Sure it actually works! (HEAD then allocates less than 8.10, rather than 10x more.) With QL we may get 20 unification variables rather than 10, but each should be zonked exactly once. No big deal. By throwing away huge chunks of the (supposedly threaded) meta_tv_env we were simply re-zonking many things many times. Asymptotically disaster.
Would the proposal of lazy type substitution avoid explicitly building the jumbo outer type t in this case? The type t built in this MR is ultimately never used, the entire expression ends up being just IO (), and the generated core makes no mention of the jumbo type. Its construction ends up being almost entirely futile and very expensive.
A human reader can reason inductively about the types of the various partial substitutions, concluding that the function is well-typed, and the final type is IO (), and the explicit expansion of the jumbo type parameter t of begin is never actually needed. So if delayed type substitutions potentially accomplish something akin to what a naive human reader of the code would do, that sounds rather interesting to me.
A possibly related (but under-specified) issue was recently posted on Reddit:
https://www.reddit.com/r/haskell/comments/mpfwso/memory_pb_with_gch_810/
where there's apparently some of blowup in deep applicative expressions.
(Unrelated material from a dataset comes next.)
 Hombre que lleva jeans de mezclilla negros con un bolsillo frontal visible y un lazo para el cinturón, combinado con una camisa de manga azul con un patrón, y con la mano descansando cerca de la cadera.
It could be the same sort of thing, in which case, perhaps delayed substitution might not merely be useful in this artificial test case, but something that could help more broadly?
A side node (not on this concrete proposal) there are "calculi of explicit substitution", cf. http://perso.ens-lyon.fr/pierre.lescanne/publications.html#es, the POPL94 paper seems a good intro/overview. The stated goal is "efficient implemetation of .. abstract machines". Sure needs some work to apply/adapt it to the concrete goings-on in GHC.
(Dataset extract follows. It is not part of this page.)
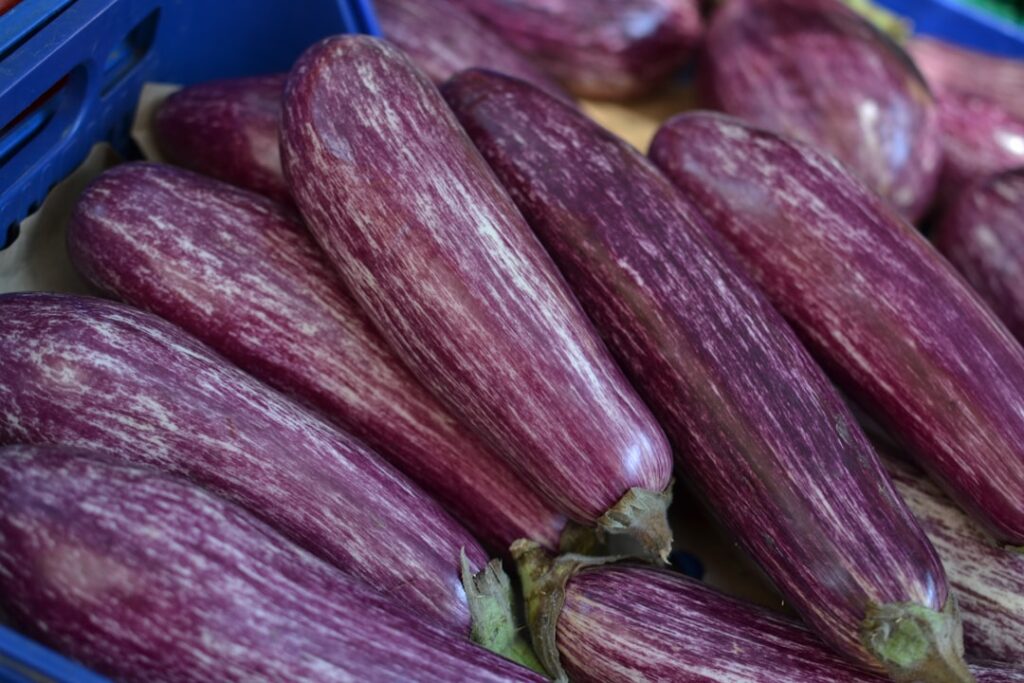 Gestreifte violette Auberginen liegen in einer Kiste auf römischem Markt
A possibly related (but under-specified) issue was recently posted on Reddit: https://www.reddit.com/r/haskell/comments/mpfwso/memory_pb_with_gch_810/ where there's apparently some of blowup in deep applicative expressions. It could be the same sort of thing, in which case, perhaps delayed substitution might not merely be useful in this artificial test case, but something that could help more broadly?